MADRID -- The most popular athlete in the world likes wearing
sarongs and going to the hairdresser.
It isn't Anna Kournikova, and it sure isn't Michael Jordan. But if it
were possible to somehow genetically mix the two, throw in Johnny
Depp's cheekbones and Jimmy Stewart's temperament -- well, then
you'd have something resembling David Beckham.
David who? David Beckham who -- as every 13-year-old outside the
United States, and anybody here who saw "Bend It Like Beckham"
knows -- is the new star of the Real Madrid soccer team.

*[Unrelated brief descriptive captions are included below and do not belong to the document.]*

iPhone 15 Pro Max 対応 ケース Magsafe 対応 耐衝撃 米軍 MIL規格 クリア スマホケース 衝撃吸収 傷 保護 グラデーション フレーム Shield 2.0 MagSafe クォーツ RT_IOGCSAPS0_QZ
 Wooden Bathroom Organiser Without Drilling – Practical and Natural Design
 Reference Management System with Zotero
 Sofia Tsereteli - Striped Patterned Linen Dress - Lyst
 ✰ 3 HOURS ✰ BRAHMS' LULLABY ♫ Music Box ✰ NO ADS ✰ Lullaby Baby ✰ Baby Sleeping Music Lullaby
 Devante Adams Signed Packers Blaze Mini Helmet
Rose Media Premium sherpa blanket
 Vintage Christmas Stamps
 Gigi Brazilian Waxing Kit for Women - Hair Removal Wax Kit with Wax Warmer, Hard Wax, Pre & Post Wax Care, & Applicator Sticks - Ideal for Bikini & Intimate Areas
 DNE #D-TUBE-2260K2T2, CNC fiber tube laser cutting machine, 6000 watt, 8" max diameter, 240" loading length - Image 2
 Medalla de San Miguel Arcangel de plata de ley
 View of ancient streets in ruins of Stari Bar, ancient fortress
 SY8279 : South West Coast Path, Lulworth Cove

Beckham has no equivalent in the U.S. He's not just an extraordinary
athlete, nor is he just fabulous looking. He's humble, he's a family
man, a working class boy from East London who is married to the
former girl group singer Posh Spice (real name, Victoria Adams).
Which still doesn't explain why he's worshiped from Toledo to Tokyo
by millions of fans. Women certainly like his looks, but it's the boys
who study his latest hairstyle as carefully as they do his soccer stats.
And although he is British, his appeal transcends national borders.
"Everybody is interested in Beckham now in Spain -- it doesn't matter
if you like futbol or not," said Lourdes Garzon, features editor at the
Spanish edition of Marie Claire. "He is a new kind of celebrity."
The fashionistas of the world have dubbed Beckham a metrosexual, a
newly coined phrase for a straight guy who is into fashionable
clothes, elaborate hairstyles and unrestrained shopping. Beckham
freely admits he is in touch with his feminine side. Not a sentiment
you'd expect to hear from Tiger Woods or Cal Ripken.
So in case you were worried this is an article about sports, it's not.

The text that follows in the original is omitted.